** Task to complete **
Data follows below. Repeat exactly the lines between the line holding "Love Moschino Black" and the line holding "Hermoso departamento en", inclusive, and nothing more; drop pictures.

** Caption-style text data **
_ _ _ _ _

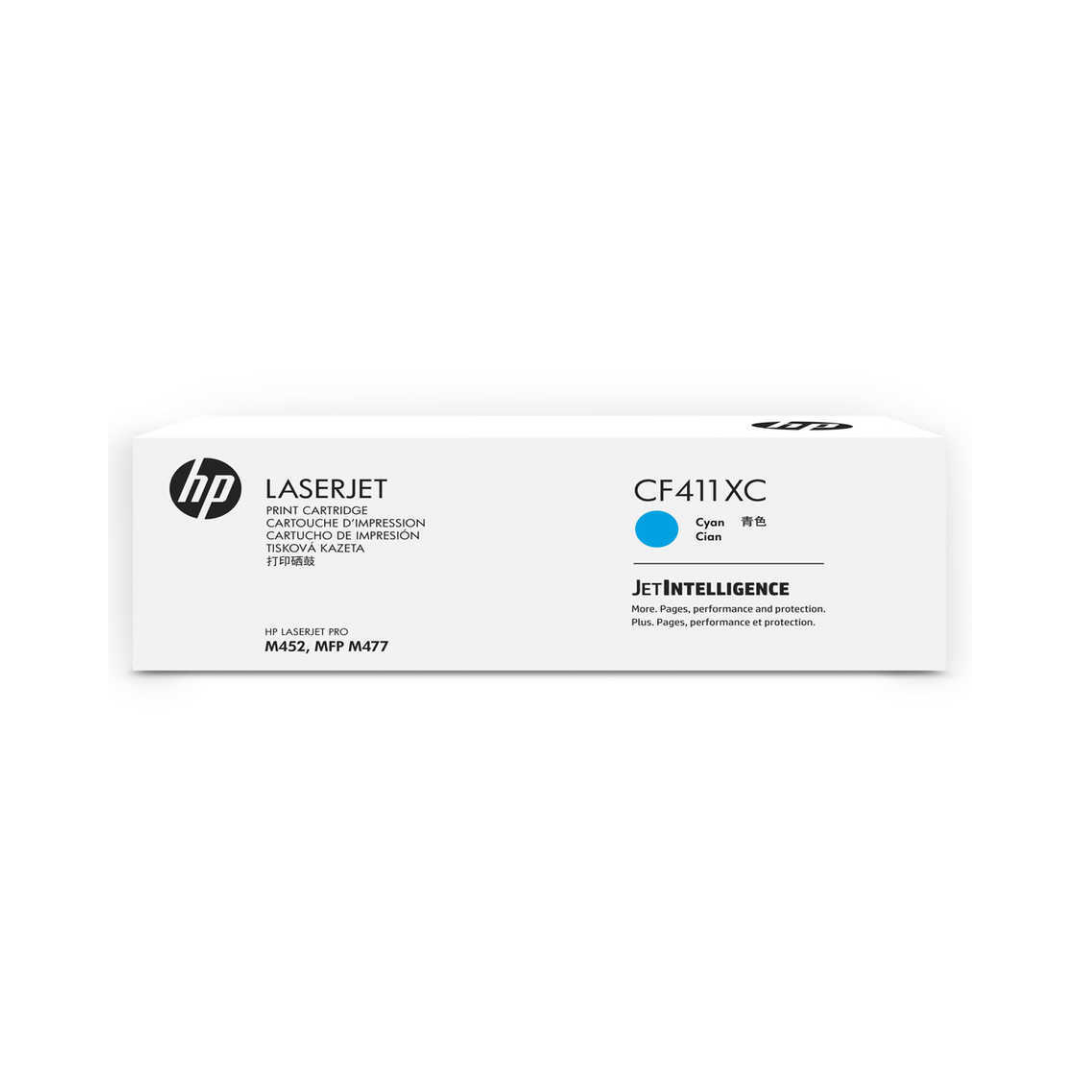 Hp 410XC-CF411XC Mavi Orjinal Toner Yüksek Kapasiteli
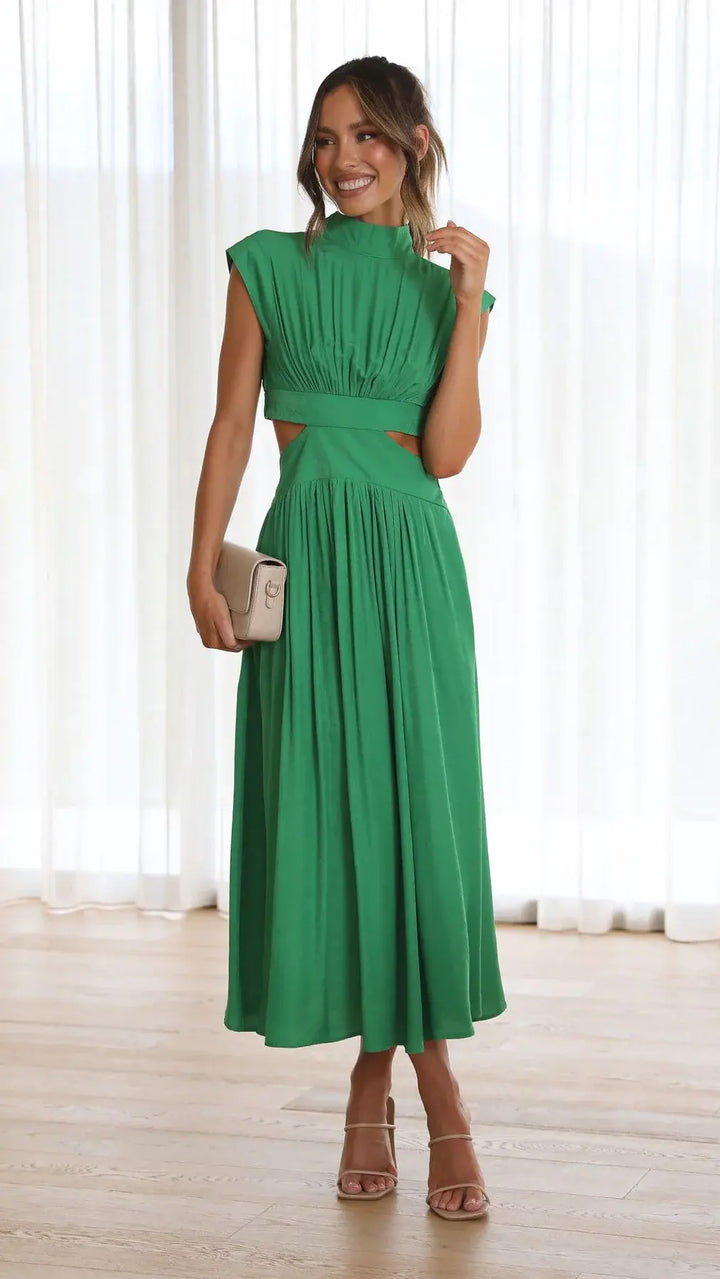 Adina™ Sommerkleid mit schlichter Linie Modeberg Bern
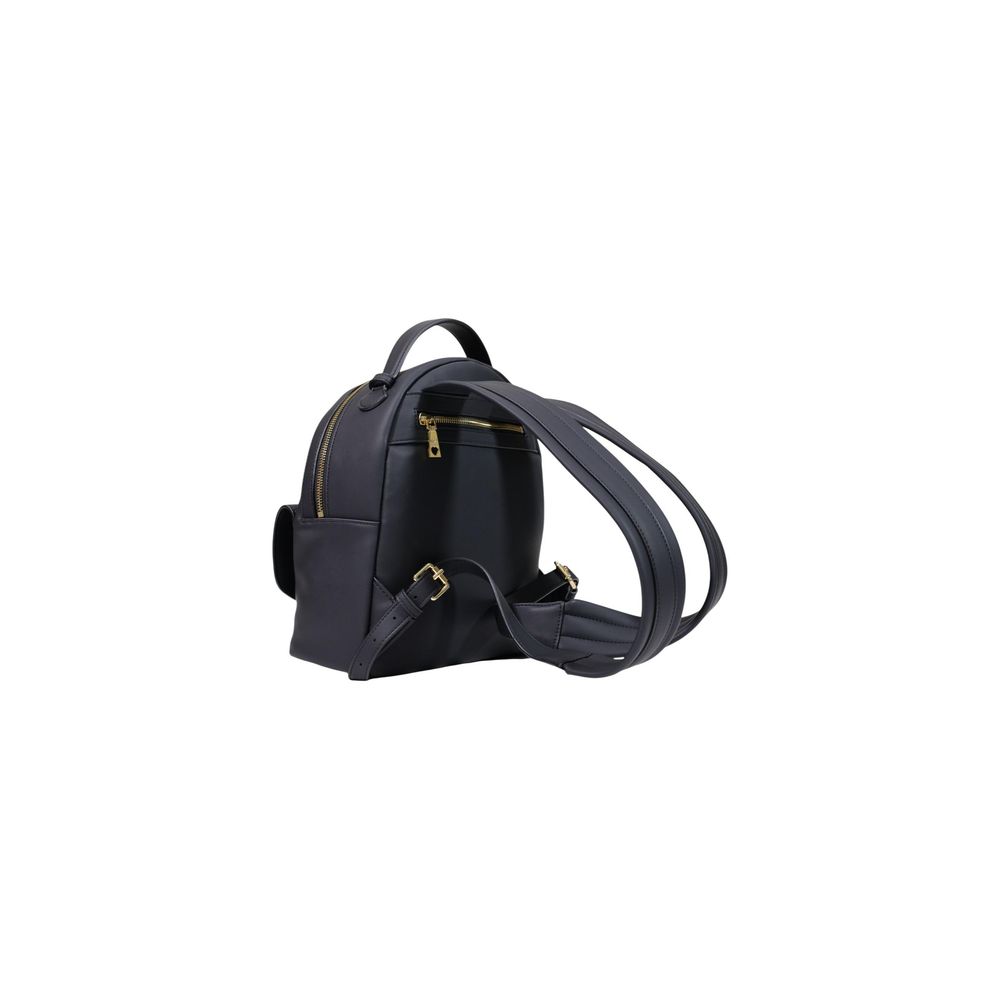 Love Moschino Black Polyethylene Women's Backpack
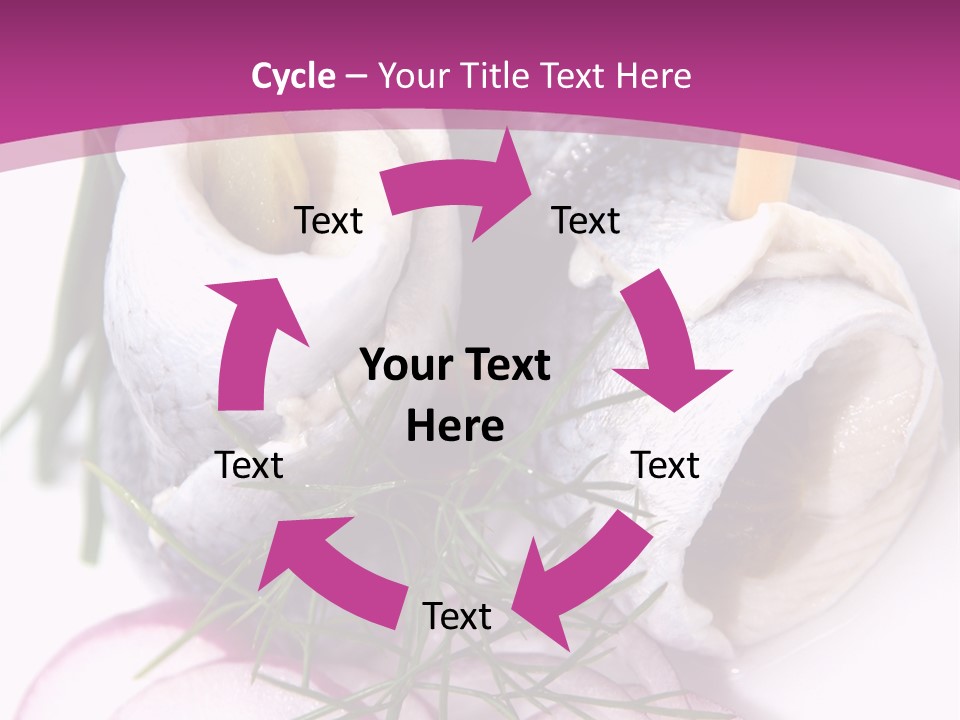 Sea Herring Fish PowerPoint Template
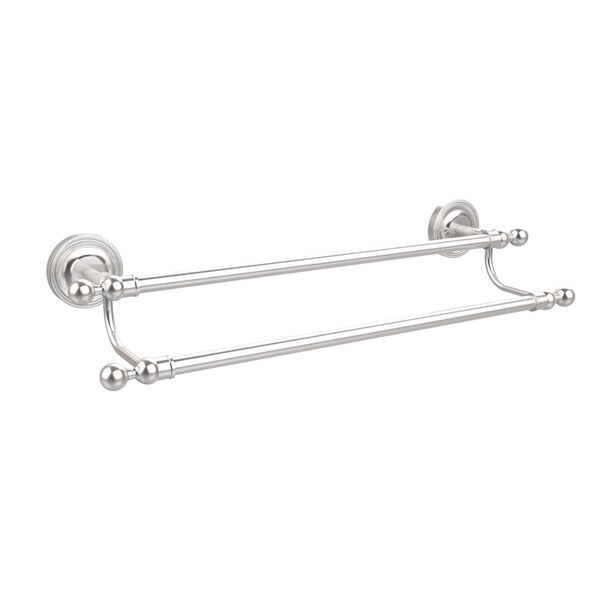 Regal Collection 30 Inch Double Towel Bar, Satin Chrome, image 1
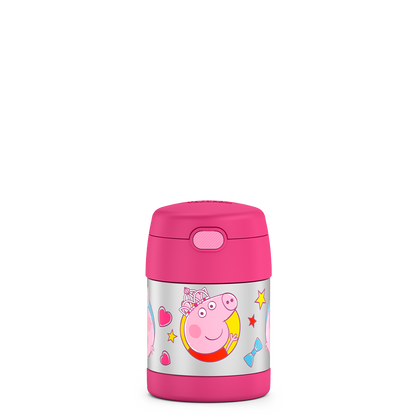 10oz FUNTAINER® FOOD JAR PEPPA PIG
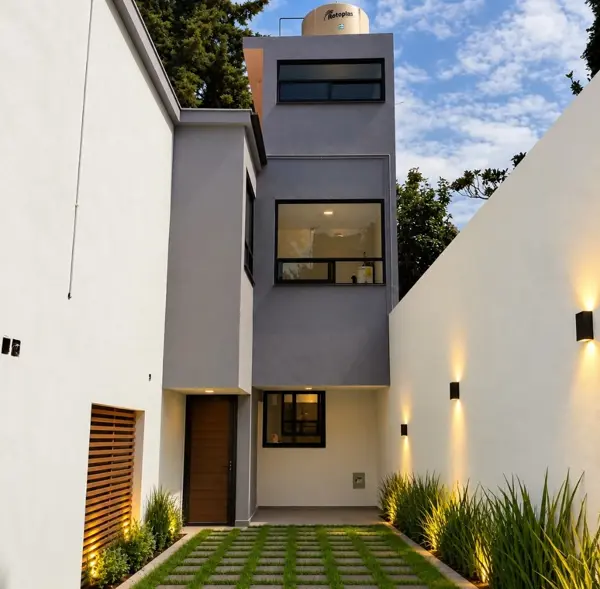 Hermoso departamento en San Jerónimo Aculco — foto 1 de 11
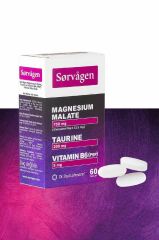 Sorvagen Magnesium Malate Taurine Vitamin B6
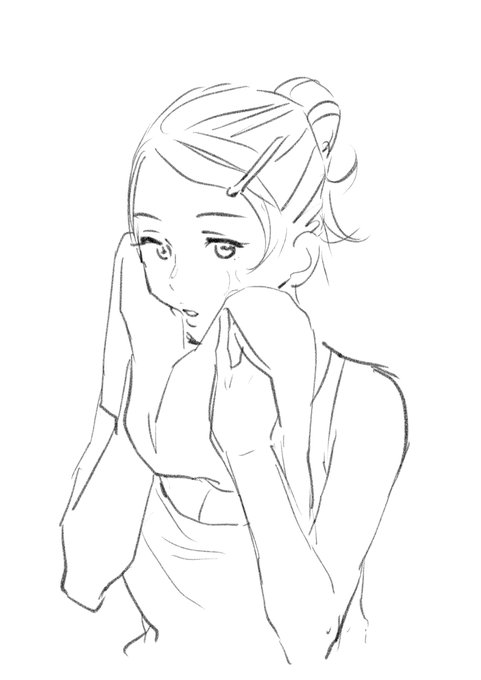 【ボツラフ供養】

コミックアウルさんのサイト用イラストを描かせていただいた時のラフたちです

@comicowl_fg 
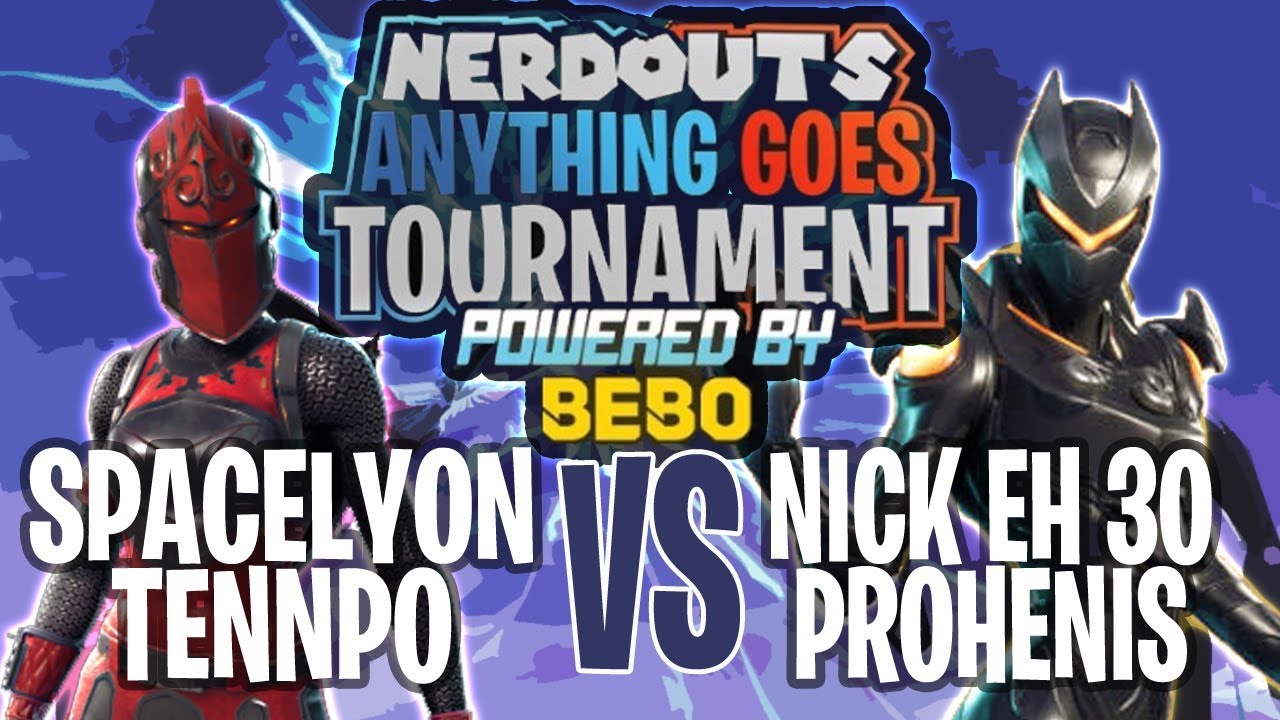 Nerdout Tourney Highlights - Tennp0, SpaceLyon vs Nick Eh 30, ProHenis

_ _ _ _ _

** Exercise answer **
 Love Moschino Black Polyethylene Women's Backpack
 Sea Herring Fish PowerPoint Template
 Regal Collection 30 Inch Double Towel Bar, Satin Chrome, image 1
 10oz FUNTAINER® FOOD JAR PEPPA PIG
 Hermoso departamento en San Jerónimo Aculco — foto 1 de 11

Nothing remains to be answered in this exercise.